Leveraging Long Bonds: Trade of the Century?

Includes: TMF, UBT
by: Ray

The 2Q10 GDP report came out and it was an eye opener for many people as it showed that the recession, depression, was deeper than most believed and things are surely not as rosy as we are being told. Aside from the inventory rebuild there is not much else going on, final sales are dead as a door nail and some firms, like Samsung (OTC:SSNLF), are reporting good earnings, but warning of weaker times ahead. I take the Samsung warning pretty seriously as they are a large or the largest supplier of electronics which had shown signs of strength recently. So when they say things may not be rosy in the near future I suspect that will apply to more than just TV sales.

What made the news cycle this week was a report by Fed President Bullard about the threat of a Japanese style deflation here in America. I am kind of shocked that people were caught so off guard by this news, about 10 economic data points already indicated this to be, if not already occurring, a very real near-term threat. I suspect we are in for some really tough times ahead and worse, yet I suspect we will see the Fed start to move towards quantitative easing, again. As I have said, repeatedly, this will not do anything to boost economic demand as we must wait for the deleveraging cycle to be completed by the consumer before demand will return. Zero Hedge just wrote a piece about this which illustrates exactly what I have been saying for a month now, but no one is listening. Here is what they said:

“In other words, all those who say QE2.0 will do nothing to stimulate the economy are correct, as all such a greenlighted action would encourage is the warehousing of yet more cash by banks. And since banks have no incremental incentives to lend it out, it doesn’t matter if the Fed’s liabilities are $2.5 trillion or $2.5 quadrillion. Instead of stimulating inflation, which is the end goal, all such an action would do is to create further doubts about the stability of the dollar, which in turn, as Ambrose Evans-Pritchard discussed, is a sure way to go to hyperinflation without first passing either Go, or inflation.”

They also indicate my thoughts exactly, we bypass money velocity inflation and go straight to dollar devaluation, i.e. currency crisis, hyperinflation. The irony is that you would only feel this pain on imported goods and we do consume 87% of what we produce domestically so it may take some time before any real currency devaluation hits home. Regardless, Bullard indicated along with prior reports by Ben Bernanke himself, that QE is on the table. The question is what kind of QE, treasury purchases or other asset purchases? Also, how much, I bet $3-5T in total purchases, but who knows.

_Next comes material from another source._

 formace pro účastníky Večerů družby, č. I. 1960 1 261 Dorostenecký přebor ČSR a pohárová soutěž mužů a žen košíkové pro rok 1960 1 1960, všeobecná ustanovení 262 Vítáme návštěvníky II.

What we do know, compliments of David Rosenberg, is that Ben Bernanke said IF we hit a Japanese style deflation, the target rate on the 30 year treasury would be 2.5%. Rosenberg says that if we hit that rate, down from the current 4% yield, one would receive about a 30% rate of return. I think he is right and if one followed his recommendations of treasuries and gold, along with high yield stocks, you would have avoided much volatility this year and had nice returns. I am happy to say I bought 2s and 5s when the yield was 1.10% and well over 2% so I am happy. I suspect the rally in treasuries will continue and if QE happens, wow.

The trade of the century, although risky, would be to leverage a long position into the 20+ year treasury market, UBT (2X bull) or TMF (3X bull). IF Rosenberg and I are right and this happens, QE, deflation or a major selloff in equities, those positions would do very well. However, they are risky, they are leveraged ETFs, but if you time it right I believe that you could do very well. I also believe that the bull market in bonds is in full force again, very similarly to the summer of 2008 I might add, which adds a bit of mystery to the rally in treasuries. The mystery is, what is going on and is the bond market telling you that something really bad is coming?

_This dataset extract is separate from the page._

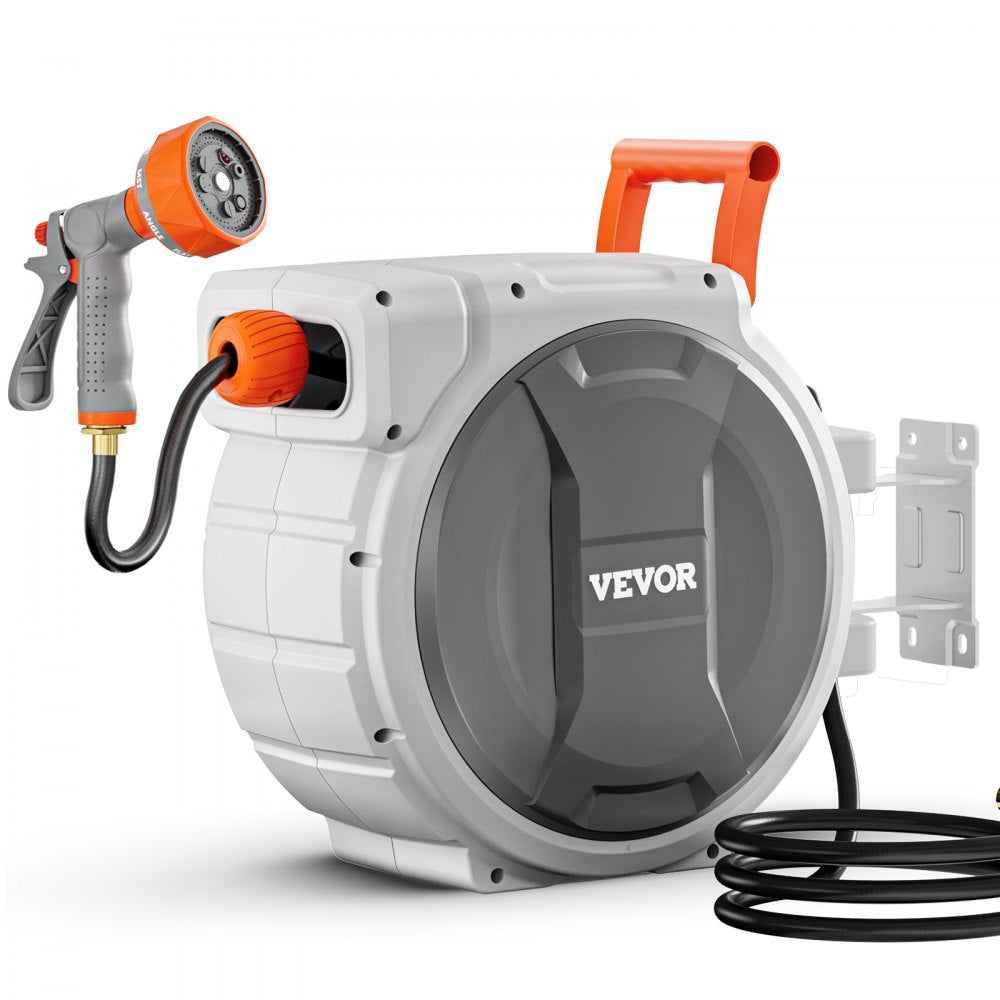 VEVOR Retractable Garden Hose Reel, 1/2 Inch x 145 ft Wall Mounted Hose Reel, Heavy Duty Garden Hose Reel with 9 Patterns Nozzle, Any Length Lock, Upgraded Slow Return System and 180°Swivel Bracket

A look at the chart above (click to enlarge) looks like there is something going on in the bond market. We broke above the 123/4 mark on the 30 year futures and now that is support. I believe it goes higher because of, at least, deflationary pressures and because of, at worst, QE. However, while I am short-term bullish on treasuries, I hate them long-term since it will be impossible for the U.S. to meet its long-term debt obligations which means they will default somehow in the future, in my opinion. I also believe, as stated earlier, that QE will wreck our currency maybe not now, but at some point in the near future which makes gold very attractive as well. If QE is announced, treasuries will go nuts and so will gold. If one is levered into treasuries you could do well, if you want the risk.

What QE means for stocks, I do not know. I would think QE would be bad for stocks as it signals things are not good and the economy is weak, but we are living in bizzaro world where good news is fantastic and bad news is even better.